Information supplied Start Marker

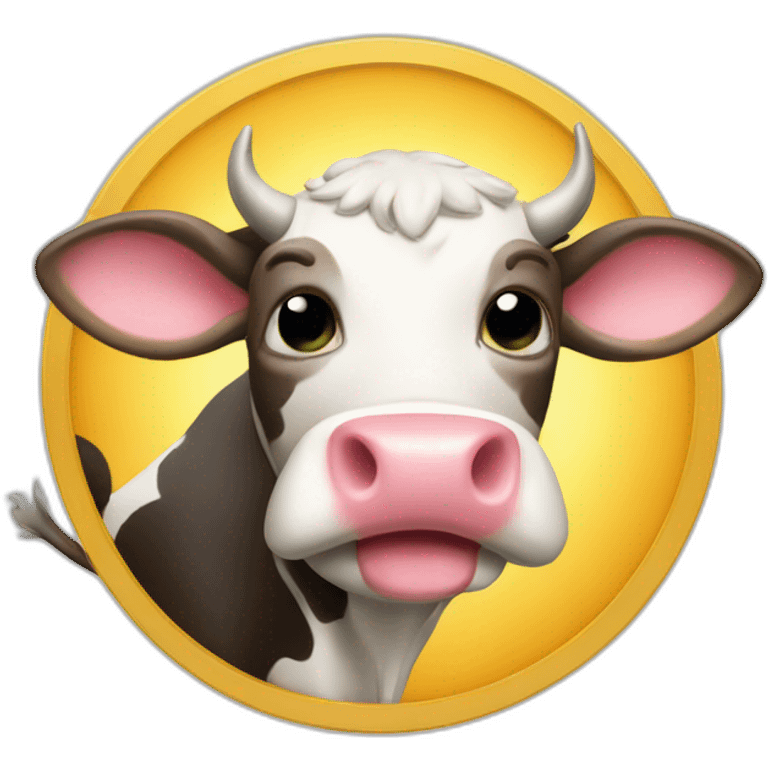 a super cow with laser in ovni emoji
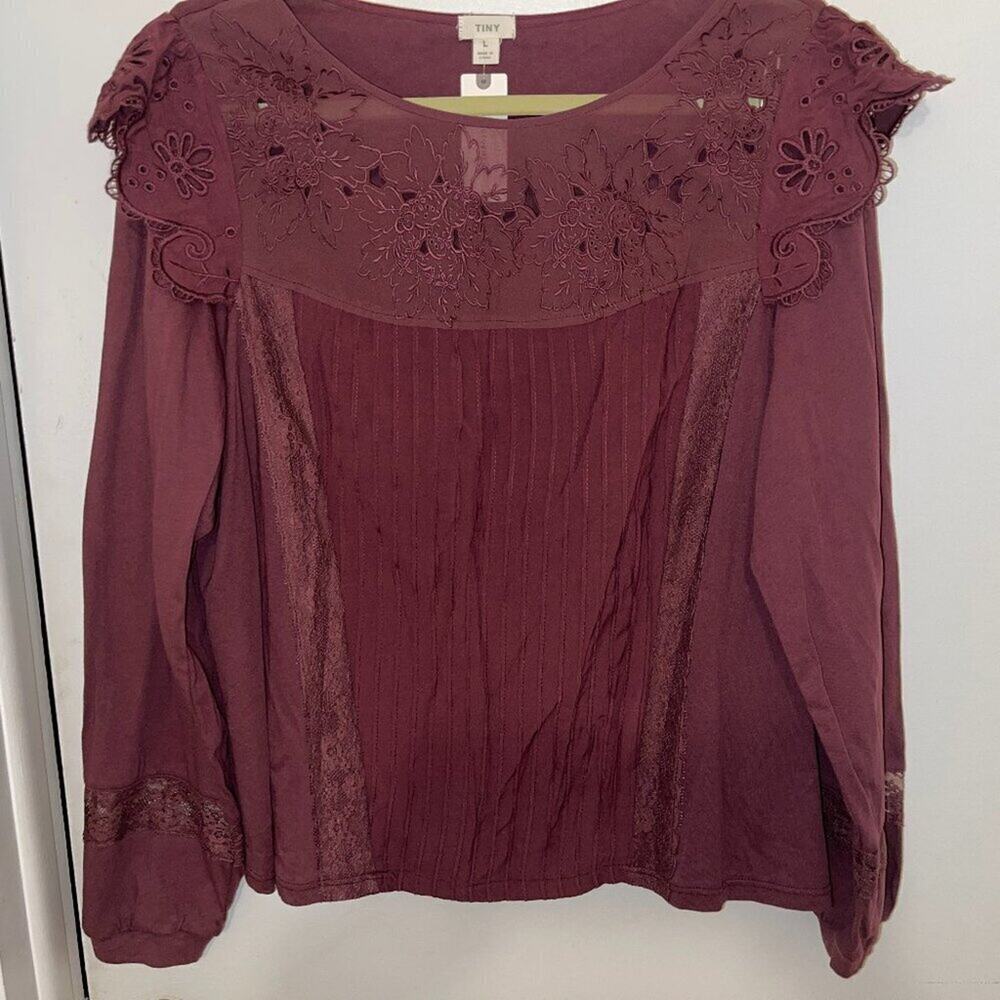 Anthropologie Tiny Crescent Lace Ruffle Blouse Burgundy L NWT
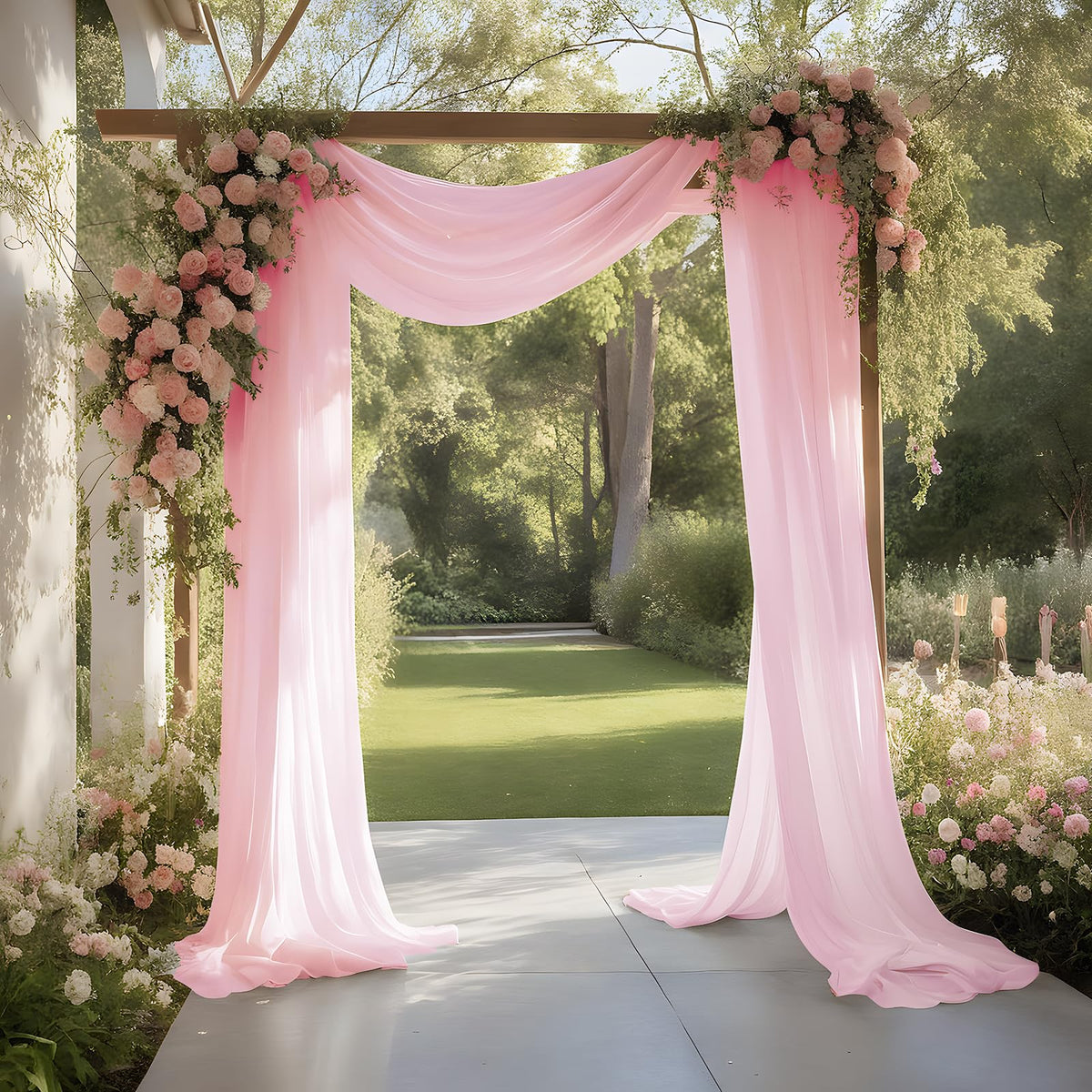 Ivory White Wedding Arch Draping Fabric Sheer Curtain Drapes | 31" x 20 ft Extra Long Shimmery Backdrop Curtains for Wedding Anniversary Party Summer Outdoor Events Drapery Photo Backgrounds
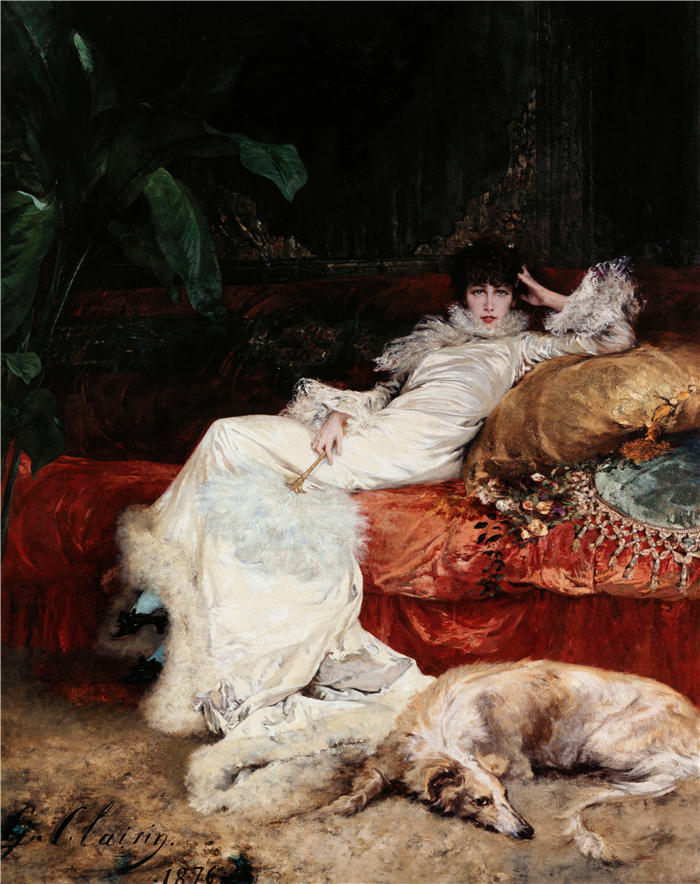 法国画家乔治·朱尔斯·维克多·克莱林（Georges Jules Victor Clairin）高清作品-《莎拉·伯恩哈特 (Sarah Bernhardt) 的肖像 (1876)》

Information supplied End Marker

* **Task prompt**
An exact copy of the lines above, from the first through the line that holds "Anthropologie Tiny Crescent", is what is needed; leave the pictures out.

* **Problem solution**
 a super cow with laser in ovni emoji
 Anthropologie Tiny Crescent Lace Ruffle Blouse Burgundy L NWT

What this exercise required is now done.